**What to produce:**
Return the lines of the listing below exactly as they appear, beginning at the one with "Black Elastic Waist Print Pencil Fall Skirt" and stopping after the one with "Meiyoeat Retro Rustic"; do not include pictures.

**Material for the task:**
▬▬▬▬▬▬▬▬▬▬

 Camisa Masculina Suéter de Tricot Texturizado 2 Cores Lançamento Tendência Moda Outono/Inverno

▬▬▬▬▬▬▬▬▬▬

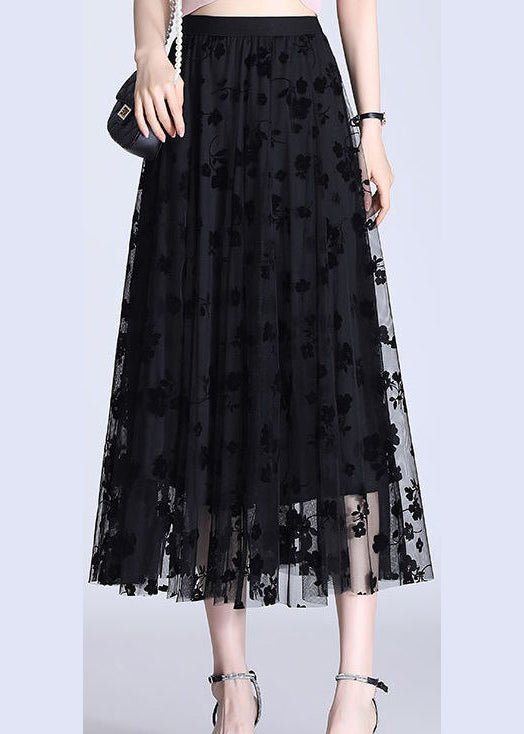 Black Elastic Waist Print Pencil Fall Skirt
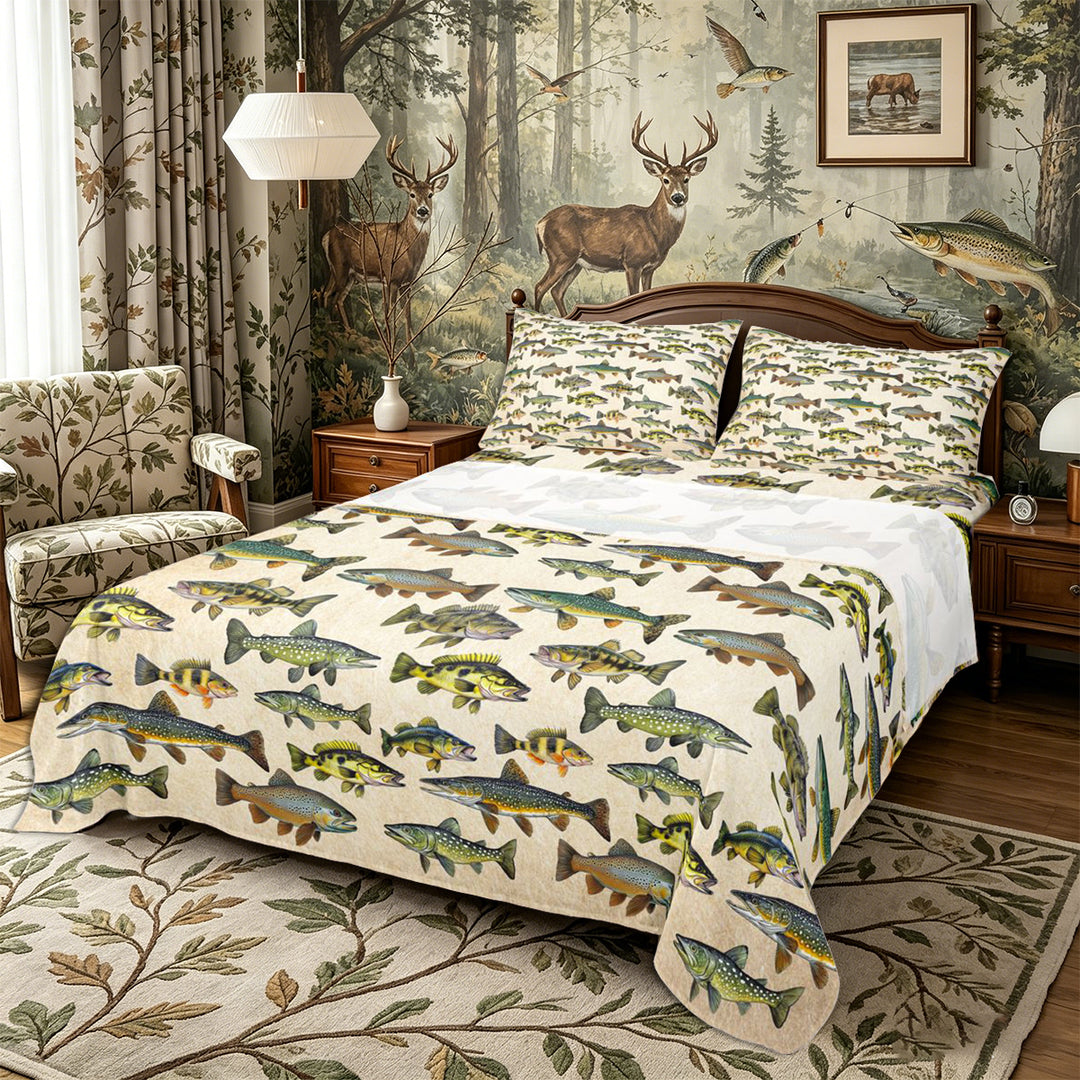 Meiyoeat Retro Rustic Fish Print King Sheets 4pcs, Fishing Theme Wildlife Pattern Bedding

▬▬▬▬▬▬▬▬▬▬

**Answer to this problem:**
 Black Elastic Waist Print Pencil Fall Skirt
 Meiyoeat Retro Rustic Fish Print King Sheets 4pcs, Fishing Theme Wildlife Pattern Bedding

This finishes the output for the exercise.